_Dataset section_.
*** Block opens ***

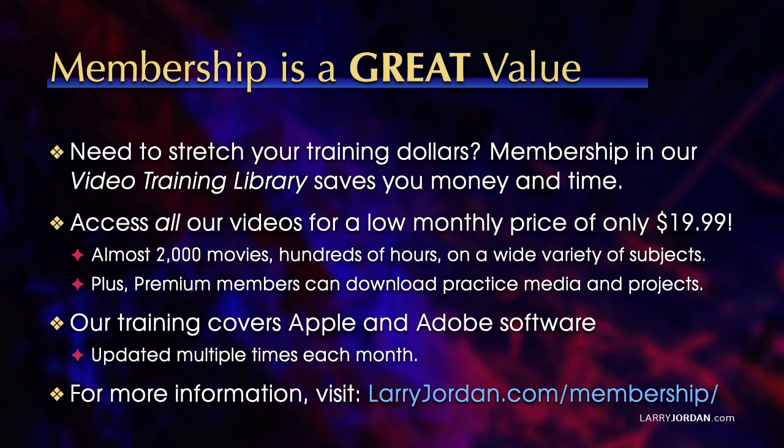Plus, premium members can download practice media and projects. Our training covers Apple and Adobe software. We update it multiple times each month. And for more information, visit larryjordan.com slash membership. And thanks.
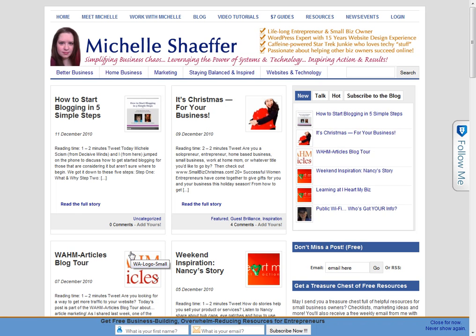Hi, it's Michelle Schaefer from MichelleSchaefer.com and in this video I'm going to show you the easiest way to back up your WordPress blog.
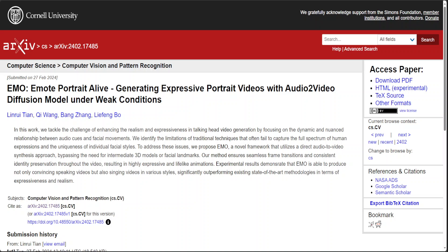In this video I am going to present EMO, which stands for Emote Portrait Alive. Emote is likely a word for emotional or expressive. This new research really seems astounding.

*** Block closes ***

_Task details_.
Write out the whole listing exactly, and drop the pictures.

_Solution_.
Plus, premium members can download practice media and projects. Our training covers Apple and Adobe software. We update it multiple times each month. And for more information, visit larryjordan.com slash membership. And thanks.
Hi, it's Michelle Schaefer from MichelleSchaefer.com and in this video I'm going to show you the easiest way to back up your WordPress blog.
In this video I am going to present EMO, which stands for Emote Portrait Alive. Emote is likely a word for emotional or expressive. This new research really seems astounding.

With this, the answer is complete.